I have to admit, I was a little doubtful coming in to this one. First off, the cover is, well, more than a little bit gaudy, and I’d never read anything else by Newman (although I have met him, and he’s quite a nice and good humored person, from what I could tell). But it’s from MonkeyBrain, and I trust Chris’ taste, generally. Thankfully, any apprehensions that I might have had were entirely unfounded. This is a great book and it’s a whole lot of fun. It’s also carried off with a great deal more stylistic panache than one would infer from the seeming wonkyness of the conceit. A collection of short stories revolving around psychic and disco fashion maven Richard Jepeson, the whole thing could be shallow and played for laughs, but Newman infuses the characters with feeling and depth that could easily have been left out if these stories had been written simply as a lark. The only issue that I had with these stories was that, as an American reader, with no deep knowledge of British popular culture, I constantly had the nagging feeling that I was missing quite a bit of the cultural references being made. I did not discover until after I had finished half the book that there was a generous glossary and explication of many of these references at the end of the book, which I found helpful and would recommend reading through first, if only so you don’t have to go to the back every time you get the feeling that you’re lost. Overall, this stuff was incredibly enjoyable and I’ll certainly be seeking out more of Newman’s work in the future.

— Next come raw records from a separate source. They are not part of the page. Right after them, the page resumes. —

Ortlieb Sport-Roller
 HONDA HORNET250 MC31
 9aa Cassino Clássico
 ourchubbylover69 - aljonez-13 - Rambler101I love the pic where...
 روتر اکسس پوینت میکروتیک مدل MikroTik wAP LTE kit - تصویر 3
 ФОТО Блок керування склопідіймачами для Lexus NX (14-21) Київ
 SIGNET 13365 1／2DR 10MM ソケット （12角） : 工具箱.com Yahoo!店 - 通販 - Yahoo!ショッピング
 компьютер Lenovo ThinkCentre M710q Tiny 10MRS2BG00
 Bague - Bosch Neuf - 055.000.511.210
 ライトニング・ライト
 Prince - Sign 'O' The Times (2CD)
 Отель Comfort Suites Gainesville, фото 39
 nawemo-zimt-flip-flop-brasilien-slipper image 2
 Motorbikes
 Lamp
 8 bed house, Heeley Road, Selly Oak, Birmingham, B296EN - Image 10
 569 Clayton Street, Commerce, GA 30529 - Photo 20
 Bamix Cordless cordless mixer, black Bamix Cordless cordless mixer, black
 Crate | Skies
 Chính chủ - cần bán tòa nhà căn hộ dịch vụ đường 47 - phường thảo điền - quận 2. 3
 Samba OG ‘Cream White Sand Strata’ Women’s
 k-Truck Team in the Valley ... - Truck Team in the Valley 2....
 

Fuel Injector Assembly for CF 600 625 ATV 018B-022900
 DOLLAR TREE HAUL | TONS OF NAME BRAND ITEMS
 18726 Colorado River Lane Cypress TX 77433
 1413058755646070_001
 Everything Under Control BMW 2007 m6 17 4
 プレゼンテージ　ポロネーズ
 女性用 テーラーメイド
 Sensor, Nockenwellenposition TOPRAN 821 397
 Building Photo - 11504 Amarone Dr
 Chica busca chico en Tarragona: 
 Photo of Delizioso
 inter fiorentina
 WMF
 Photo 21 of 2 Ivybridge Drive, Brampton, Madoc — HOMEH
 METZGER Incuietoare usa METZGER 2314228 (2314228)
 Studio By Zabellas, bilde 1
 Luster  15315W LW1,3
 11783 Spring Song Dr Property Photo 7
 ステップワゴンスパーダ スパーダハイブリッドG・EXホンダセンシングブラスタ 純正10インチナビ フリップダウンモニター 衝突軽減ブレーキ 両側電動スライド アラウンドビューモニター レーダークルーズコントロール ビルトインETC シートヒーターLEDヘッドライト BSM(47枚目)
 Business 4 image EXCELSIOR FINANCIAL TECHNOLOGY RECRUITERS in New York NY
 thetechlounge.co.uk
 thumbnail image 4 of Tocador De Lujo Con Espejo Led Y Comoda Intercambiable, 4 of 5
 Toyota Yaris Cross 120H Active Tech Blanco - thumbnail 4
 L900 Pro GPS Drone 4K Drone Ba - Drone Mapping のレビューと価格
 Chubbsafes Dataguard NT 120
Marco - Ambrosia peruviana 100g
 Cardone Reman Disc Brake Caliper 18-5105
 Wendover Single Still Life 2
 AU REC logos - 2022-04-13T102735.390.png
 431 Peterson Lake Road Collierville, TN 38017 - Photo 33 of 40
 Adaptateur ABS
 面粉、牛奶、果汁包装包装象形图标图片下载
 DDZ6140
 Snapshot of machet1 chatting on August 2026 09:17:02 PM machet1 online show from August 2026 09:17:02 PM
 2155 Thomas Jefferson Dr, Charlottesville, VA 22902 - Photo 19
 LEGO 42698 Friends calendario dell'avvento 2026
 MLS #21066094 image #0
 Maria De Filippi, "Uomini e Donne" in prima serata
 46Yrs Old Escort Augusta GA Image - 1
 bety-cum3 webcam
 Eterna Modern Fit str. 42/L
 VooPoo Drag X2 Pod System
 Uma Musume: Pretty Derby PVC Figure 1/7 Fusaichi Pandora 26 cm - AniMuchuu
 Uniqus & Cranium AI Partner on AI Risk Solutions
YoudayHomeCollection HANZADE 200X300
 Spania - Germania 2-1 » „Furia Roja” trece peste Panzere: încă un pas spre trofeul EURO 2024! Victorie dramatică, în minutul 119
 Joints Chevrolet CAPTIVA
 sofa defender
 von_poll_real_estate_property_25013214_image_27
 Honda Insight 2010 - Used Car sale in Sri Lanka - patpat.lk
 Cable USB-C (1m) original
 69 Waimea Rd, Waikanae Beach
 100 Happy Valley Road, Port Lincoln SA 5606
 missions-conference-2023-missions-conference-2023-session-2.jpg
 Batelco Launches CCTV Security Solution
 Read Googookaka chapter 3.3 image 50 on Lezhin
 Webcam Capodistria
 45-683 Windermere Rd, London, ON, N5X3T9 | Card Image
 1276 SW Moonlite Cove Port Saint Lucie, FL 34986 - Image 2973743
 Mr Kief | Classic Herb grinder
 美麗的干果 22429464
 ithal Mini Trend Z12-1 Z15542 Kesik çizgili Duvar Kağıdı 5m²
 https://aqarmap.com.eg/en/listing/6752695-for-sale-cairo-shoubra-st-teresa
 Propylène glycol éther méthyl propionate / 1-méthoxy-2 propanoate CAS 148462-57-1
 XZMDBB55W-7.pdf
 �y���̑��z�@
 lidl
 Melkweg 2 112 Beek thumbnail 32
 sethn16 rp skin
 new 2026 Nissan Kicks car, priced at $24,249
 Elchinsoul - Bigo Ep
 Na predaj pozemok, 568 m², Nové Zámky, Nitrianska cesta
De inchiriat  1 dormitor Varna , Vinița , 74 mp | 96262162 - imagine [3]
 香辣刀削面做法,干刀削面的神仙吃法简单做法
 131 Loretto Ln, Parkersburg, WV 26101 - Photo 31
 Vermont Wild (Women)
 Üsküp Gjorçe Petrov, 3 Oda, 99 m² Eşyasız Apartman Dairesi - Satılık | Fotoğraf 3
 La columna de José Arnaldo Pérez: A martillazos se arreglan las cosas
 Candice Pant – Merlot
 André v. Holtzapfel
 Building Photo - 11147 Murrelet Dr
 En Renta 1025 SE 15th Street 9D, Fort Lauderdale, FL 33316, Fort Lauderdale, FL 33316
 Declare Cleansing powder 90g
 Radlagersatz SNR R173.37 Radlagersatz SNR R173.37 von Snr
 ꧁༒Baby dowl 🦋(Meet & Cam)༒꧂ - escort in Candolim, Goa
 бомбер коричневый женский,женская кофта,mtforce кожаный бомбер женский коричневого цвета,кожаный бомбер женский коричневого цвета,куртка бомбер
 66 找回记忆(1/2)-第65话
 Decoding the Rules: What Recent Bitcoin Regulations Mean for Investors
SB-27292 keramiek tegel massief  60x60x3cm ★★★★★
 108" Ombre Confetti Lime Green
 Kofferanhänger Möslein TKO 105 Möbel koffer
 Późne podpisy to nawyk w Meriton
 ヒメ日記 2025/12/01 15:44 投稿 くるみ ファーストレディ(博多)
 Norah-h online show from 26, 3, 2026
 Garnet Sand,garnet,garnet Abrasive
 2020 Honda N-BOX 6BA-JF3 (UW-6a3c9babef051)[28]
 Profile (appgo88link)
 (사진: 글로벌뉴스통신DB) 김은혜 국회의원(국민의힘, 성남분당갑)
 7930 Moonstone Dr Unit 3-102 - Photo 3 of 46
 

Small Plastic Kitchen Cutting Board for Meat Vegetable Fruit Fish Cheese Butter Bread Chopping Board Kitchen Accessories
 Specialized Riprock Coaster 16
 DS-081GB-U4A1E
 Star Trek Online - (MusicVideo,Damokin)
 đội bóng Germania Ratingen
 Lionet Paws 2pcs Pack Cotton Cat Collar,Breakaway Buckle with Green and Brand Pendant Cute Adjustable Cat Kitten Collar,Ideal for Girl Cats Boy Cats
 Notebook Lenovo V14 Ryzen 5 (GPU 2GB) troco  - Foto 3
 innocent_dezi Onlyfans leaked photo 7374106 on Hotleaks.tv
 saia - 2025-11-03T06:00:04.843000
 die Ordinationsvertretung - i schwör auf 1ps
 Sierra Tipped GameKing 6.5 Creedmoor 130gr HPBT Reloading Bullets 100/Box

Battlestar Galactica Start to ep 2x08

I’ve stopped watching this show. I don’t know whether it’s the Star Trek science, the hot topcism, or the irritatingly inconsistent way the characters seem to be written, but this show just doesn’t seem to be very good. The Gaius Baltar character is especially annoying. I think that the show might have worked better with some more serious constraints, like a statement at the outset that said the producers of the show would see the characters on Earth or dead in three seasons. That way you might get less of the sense of meandering that this series gives off. I don’t hate it, and there are many good moments, but I just can’t keep watching a show that has me stopping a few times an episode to cringe at how astoundingly bad the last couple of minutes were. Also, I know that they’re not going to give it the ending that I want already, so… meh (I don’t say that selfishly, as in I only want endings that I like or can predict, but I can already see it ending like so many of the other genre shows, drawing it out too long and slowly losing viewers until they have to finish the show in an unsatisfying hurry).